Re: proxy caching is important
Posted by Greg Stein <gs...@lyra.org>.
I volunteered to axe the proxy stuff. Not rewrite it :-)
It looks like Martin and Ryan have stepped up to at least port the thing
to 2.0. That renders some of my rationale as moot (although I still think
we could reduce our complexity, bug count, maintenance by axing some/all
of the proxy support).
Cheers,
-g
On Thu, 18 Nov 1999, David Reid wrote:
> Nice of you to volunteer????
>
> d :-)
> ----- Original Message -----
> From: Greg Stein <gs...@lyra.org>
> To: <ne...@apache.org>
> Sent: 18 November 1999 12:18
> Subject: Re: proxy caching is important
>
>
> > On Thu, 18 Nov 1999, Ryan Bloom wrote:
> > > > In terms of the caching itself, how about a generic mod_cache module
> > > > that handles it?
> > > >
> > > > A generic set of caching functions could be added to APR, something
> > > > like:
> > >
> > > Well, APR was mentioned, so I'm jumping in. I would prefer not to use
> > > ap_cache_(in|out|etc).
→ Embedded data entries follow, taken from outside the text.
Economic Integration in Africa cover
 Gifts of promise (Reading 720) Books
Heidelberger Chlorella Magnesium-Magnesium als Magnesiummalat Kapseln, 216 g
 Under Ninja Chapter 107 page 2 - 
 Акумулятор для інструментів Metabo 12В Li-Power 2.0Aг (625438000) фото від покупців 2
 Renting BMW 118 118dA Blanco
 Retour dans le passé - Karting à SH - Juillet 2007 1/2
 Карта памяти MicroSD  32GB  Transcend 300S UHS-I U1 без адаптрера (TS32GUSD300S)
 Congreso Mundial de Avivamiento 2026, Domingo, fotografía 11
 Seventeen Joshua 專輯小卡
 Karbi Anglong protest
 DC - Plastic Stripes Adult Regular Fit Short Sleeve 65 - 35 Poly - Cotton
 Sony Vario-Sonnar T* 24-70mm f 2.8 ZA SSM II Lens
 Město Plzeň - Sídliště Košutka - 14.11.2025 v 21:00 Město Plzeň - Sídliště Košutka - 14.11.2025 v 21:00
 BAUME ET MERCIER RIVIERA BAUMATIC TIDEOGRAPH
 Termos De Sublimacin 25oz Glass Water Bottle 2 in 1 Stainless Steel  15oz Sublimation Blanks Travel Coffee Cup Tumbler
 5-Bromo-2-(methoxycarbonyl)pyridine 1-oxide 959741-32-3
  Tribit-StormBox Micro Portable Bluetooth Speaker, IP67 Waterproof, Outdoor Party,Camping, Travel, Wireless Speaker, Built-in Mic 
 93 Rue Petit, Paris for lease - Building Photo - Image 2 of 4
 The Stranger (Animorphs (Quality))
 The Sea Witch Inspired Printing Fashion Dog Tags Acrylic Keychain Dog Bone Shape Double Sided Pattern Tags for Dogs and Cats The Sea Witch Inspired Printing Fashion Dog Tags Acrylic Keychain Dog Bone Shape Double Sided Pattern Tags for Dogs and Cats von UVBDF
This is because I think apr needs to be more
> > > generalized than that. What we really want/need, is a simple hash
> table.
> > > The contexts already let us put this into whatever scope we want to put
> it
> > > in.
> > >
> > > BTW, if the hash table functions aren't in APR already, they will be
> there
> > > soon. I am having a hard time keeping up with everything right now. :-)
> >
> > That's because something like the caching doesn't go in APR. It is easily
> > built on *top* of APR. You can keep up if you keep stuff *out* of APR :-)
> >
> > And on a separate note: I also believe the HTTP/FTP fetching stuff does
> > not go into APR either, but into a utility library on top of it.
> >
> > Cheers,
> > -g
> >
> > --
> > Greg Stein, http://www.lyra.org/
> >
>
--
Greg Stein, http://www.lyra.org/
Re: proxy caching is important
Posted by David Reid <ab...@dial.pipex.com>.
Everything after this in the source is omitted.